Joe Ayache, Managing Director / Partner, a&a Porter Novelli and President of the IAA – Lebanon Chapter, assesses the state of Lebanon’s ad industry during the year 2022 and shares his take on how companies were able to plan, forecast and operate amid the myriad challenges and crisis the country has been going through.
How good was 2022 for the ad industry in Lebanon? How would you assess the overall ad business?
2022 was a corrective year in terms of stabilizing the currency. Once most transactions were dollarized the market was able to correct its business dealings, and companies were able to plan, forecast and operate.
Irrespective of the government inaction the private sector was the engine of the economy, and it is this private sector that fought to avoid redundancies, created new opportunities and helped and supported the workforce.
The previous years were years of austerity where most of the agencies cut down on their expenses-- if their business was purely local-- or amplified their off-shore services to their agencies or clients in the GCC regions. This allowed them to improve their revenues in fresh dollars hence able to retain their staffs and achieve improved results versus the past years.
To note that small companies partly left the market or consolidated with other agencies and this reduced competitive edge and somehow regulated the prices of services.
Where does “new business” typically come from today?
The current crisis has incentivized the local production and hence a growing activity was witnessed for local brands either existing or new, versus imported ones.
The advertising as well as all communication cycle followed this trend, and what we see today are ads for local brands and services. Of course, clients faced the same challenges and hence had to go through the same exercise of optimization of spending and tactical action in order to grow their sales.
“The local market is no longer competing for consumers’ love; it is competing for their wallets.”
Many network agencies and even smaller local ones currently service the Arab region from their Beirut offices. Do you think that companies in the Gulf are taking advantage of the low-priced local services?
The off-shoring activity has been on the mind of multi-national agencies a while ago, and some started it some five years ago, because it made business sense to create a pool of resources in a country that is rich wit talent. The savings were clear for them-- no housing, no travel tickets, not hardship etc.
This became more popular with the collapse of the Lebanese Pound versus the dollar where salaries once paid in fresh dollars dropped as a result of shortage of money available. So, the same talents became even cheaper for the foreign client or agency based outside Lebanon.
The supply market provided many jobs for these talents up until, they started fleeing the country to greener pastures. Low supply means higher prices, so now the market as mentioned earlier started stabilizing around a unified currency, which is the fresh dollar at a relatively higher ceiling.
If like most people claim you believe that creativity isn’t linked to big budgets, then how do you explain this creative rut we have been witnessing in Lebanon for the past few years, with barely a couple of advertising campaigns that have stood apart?

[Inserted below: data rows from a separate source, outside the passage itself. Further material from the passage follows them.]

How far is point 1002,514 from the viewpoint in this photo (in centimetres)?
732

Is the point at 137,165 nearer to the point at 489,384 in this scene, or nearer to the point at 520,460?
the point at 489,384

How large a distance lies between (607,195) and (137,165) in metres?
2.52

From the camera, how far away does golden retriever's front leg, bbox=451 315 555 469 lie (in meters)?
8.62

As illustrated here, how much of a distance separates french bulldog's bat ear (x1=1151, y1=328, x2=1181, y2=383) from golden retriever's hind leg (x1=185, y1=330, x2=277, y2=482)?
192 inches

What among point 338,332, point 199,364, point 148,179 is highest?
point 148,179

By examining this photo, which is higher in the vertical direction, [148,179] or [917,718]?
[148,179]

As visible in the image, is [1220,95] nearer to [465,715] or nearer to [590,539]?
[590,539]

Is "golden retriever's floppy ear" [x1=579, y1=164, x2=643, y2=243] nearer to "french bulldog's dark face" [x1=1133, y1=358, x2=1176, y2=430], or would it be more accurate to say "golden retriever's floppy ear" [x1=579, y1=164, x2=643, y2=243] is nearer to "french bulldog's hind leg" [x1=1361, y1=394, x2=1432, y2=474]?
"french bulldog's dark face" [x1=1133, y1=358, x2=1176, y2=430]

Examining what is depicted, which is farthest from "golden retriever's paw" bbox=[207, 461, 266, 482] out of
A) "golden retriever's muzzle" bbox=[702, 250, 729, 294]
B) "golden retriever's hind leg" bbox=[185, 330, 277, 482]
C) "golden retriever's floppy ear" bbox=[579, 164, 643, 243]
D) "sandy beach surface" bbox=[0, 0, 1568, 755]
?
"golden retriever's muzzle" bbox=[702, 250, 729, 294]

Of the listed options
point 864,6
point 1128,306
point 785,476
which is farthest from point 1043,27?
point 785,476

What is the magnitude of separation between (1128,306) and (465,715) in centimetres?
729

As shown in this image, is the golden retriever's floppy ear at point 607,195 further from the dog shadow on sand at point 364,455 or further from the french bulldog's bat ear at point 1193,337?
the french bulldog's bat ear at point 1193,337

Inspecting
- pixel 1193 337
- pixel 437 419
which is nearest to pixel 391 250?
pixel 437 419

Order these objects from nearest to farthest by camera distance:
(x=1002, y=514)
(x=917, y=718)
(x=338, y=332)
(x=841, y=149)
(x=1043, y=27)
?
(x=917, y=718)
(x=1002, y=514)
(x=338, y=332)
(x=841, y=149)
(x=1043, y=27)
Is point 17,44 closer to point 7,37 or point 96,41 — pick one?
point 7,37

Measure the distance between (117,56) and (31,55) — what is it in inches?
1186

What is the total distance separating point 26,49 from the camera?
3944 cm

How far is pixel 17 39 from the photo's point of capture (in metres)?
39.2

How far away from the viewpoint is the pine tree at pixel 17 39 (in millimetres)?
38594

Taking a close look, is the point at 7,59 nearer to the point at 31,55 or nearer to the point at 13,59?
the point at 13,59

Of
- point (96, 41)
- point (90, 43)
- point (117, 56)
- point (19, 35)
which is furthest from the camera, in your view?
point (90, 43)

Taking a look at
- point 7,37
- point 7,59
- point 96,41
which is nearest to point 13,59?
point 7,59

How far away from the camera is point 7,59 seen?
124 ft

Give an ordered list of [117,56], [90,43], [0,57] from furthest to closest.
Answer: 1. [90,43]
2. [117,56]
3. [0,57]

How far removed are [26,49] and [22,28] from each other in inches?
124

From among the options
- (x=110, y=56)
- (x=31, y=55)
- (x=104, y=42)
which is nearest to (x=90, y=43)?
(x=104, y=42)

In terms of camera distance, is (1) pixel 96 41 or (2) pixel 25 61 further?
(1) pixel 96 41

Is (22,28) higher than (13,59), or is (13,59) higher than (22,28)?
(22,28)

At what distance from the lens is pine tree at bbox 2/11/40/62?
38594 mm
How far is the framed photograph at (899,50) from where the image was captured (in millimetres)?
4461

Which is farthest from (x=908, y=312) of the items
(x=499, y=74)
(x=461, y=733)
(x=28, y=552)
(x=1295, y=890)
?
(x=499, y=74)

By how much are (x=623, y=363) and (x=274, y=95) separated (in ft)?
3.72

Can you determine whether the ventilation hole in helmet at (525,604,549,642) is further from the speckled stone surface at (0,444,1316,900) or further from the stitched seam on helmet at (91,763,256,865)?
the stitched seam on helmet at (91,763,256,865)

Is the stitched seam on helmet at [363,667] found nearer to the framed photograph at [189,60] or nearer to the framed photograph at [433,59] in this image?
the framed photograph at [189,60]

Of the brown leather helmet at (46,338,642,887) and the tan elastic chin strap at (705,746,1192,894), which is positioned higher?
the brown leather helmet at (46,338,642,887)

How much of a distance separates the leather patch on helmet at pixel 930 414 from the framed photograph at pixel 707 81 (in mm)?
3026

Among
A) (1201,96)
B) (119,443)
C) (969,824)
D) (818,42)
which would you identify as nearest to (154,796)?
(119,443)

The local market is no longer competing for consumers’ love; it is competing for their wallets. The local production trend is convinced wrongly that by advertising the availability of a product, it will be enough to win the consumers. This will remain true until competition between brands and products gets stronger. Why would a chocolate brand be creative if it’s the only one on the market?
Creativity is the expression of uniqueness and differentiation, and until we have that, clients will not demand an effort from their agencies and subsequently agencies will be too content in doing the minimum to produce an ad.
The other factor is that most of the creative talent is probably mobilized for the foreign markets where clients are more demanding and the markets a lot more competitive. Hence the creative power is appearing elsewhere.